*** Opening of Input data ***

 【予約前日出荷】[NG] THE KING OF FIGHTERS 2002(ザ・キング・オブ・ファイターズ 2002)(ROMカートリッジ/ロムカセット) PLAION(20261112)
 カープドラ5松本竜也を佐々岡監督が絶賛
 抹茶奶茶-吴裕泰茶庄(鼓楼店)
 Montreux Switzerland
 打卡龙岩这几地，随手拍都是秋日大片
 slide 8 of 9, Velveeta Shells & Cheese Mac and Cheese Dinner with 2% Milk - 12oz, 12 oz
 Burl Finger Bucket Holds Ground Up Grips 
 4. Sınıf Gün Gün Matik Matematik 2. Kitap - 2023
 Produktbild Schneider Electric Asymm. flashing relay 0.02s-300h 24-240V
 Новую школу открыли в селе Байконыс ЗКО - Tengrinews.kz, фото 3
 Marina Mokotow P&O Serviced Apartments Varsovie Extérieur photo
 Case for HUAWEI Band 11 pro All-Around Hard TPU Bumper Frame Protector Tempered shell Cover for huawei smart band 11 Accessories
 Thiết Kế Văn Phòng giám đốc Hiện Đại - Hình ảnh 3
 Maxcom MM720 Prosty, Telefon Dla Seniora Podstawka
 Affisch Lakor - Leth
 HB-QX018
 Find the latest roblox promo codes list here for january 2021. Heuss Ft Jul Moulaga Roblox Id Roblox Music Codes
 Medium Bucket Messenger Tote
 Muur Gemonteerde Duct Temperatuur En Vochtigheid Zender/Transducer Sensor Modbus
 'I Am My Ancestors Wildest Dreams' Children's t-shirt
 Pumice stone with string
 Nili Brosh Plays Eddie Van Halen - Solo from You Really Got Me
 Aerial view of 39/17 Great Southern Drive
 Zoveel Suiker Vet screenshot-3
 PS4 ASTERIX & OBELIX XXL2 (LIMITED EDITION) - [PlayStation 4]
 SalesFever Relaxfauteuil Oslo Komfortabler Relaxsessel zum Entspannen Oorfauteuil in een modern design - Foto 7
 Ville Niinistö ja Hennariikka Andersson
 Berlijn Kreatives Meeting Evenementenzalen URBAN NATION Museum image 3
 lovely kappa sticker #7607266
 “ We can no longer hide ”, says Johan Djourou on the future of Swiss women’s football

*** Close of Input data ***

Repeat all the entries above without altering anything.

 【予約前日出荷】[NG] THE KING OF FIGHTERS 2002(ザ・キング・オブ・ファイターズ 2002)(ROMカートリッジ/ロムカセット) PLAION(20261112)
 カープドラ5松本竜也を佐々岡監督が絶賛
 抹茶奶茶-吴裕泰茶庄(鼓楼店)
 Montreux Switzerland
 打卡龙岩这几地，随手拍都是秋日大片
 slide 8 of 9, Velveeta Shells & Cheese Mac and Cheese Dinner with 2% Milk - 12oz, 12 oz
 Burl Finger Bucket Holds Ground Up Grips 
 4. Sınıf Gün Gün Matik Matematik 2. Kitap - 2023
 Produktbild Schneider Electric Asymm. flashing relay 0.02s-300h 24-240V
 Новую школу открыли в селе Байконыс ЗКО - Tengrinews.kz, фото 3
 Marina Mokotow P&O Serviced Apartments Varsovie Extérieur photo
 Case for HUAWEI Band 11 pro All-Around Hard TPU Bumper Frame Protector Tempered shell Cover for huawei smart band 11 Accessories
 Thiết Kế Văn Phòng giám đốc Hiện Đại - Hình ảnh 3
 Maxcom MM720 Prosty, Telefon Dla Seniora Podstawka
 Affisch Lakor - Leth
 HB-QX018
 Find the latest roblox promo codes list here for january 2021. Heuss Ft Jul Moulaga Roblox Id Roblox Music Codes
 Medium Bucket Messenger Tote
 Muur Gemonteerde Duct Temperatuur En Vochtigheid Zender/Transducer Sensor Modbus
 'I Am My Ancestors Wildest Dreams' Children's t-shirt
 Pumice stone with string
 Nili Brosh Plays Eddie Van Halen - Solo from You Really Got Me
 Aerial view of 39/17 Great Southern Drive
 Zoveel Suiker Vet screenshot-3
 PS4 ASTERIX & OBELIX XXL2 (LIMITED EDITION) - [PlayStation 4]
 SalesFever Relaxfauteuil Oslo Komfortabler Relaxsessel zum Entspannen Oorfauteuil in een modern design - Foto 7
 Ville Niinistö ja Hennariikka Andersson
 Berlijn Kreatives Meeting Evenementenzalen URBAN NATION Museum image 3
 lovely kappa sticker #7607266
 “ We can no longer hide ”, says Johan Djourou on the future of Swiss women’s football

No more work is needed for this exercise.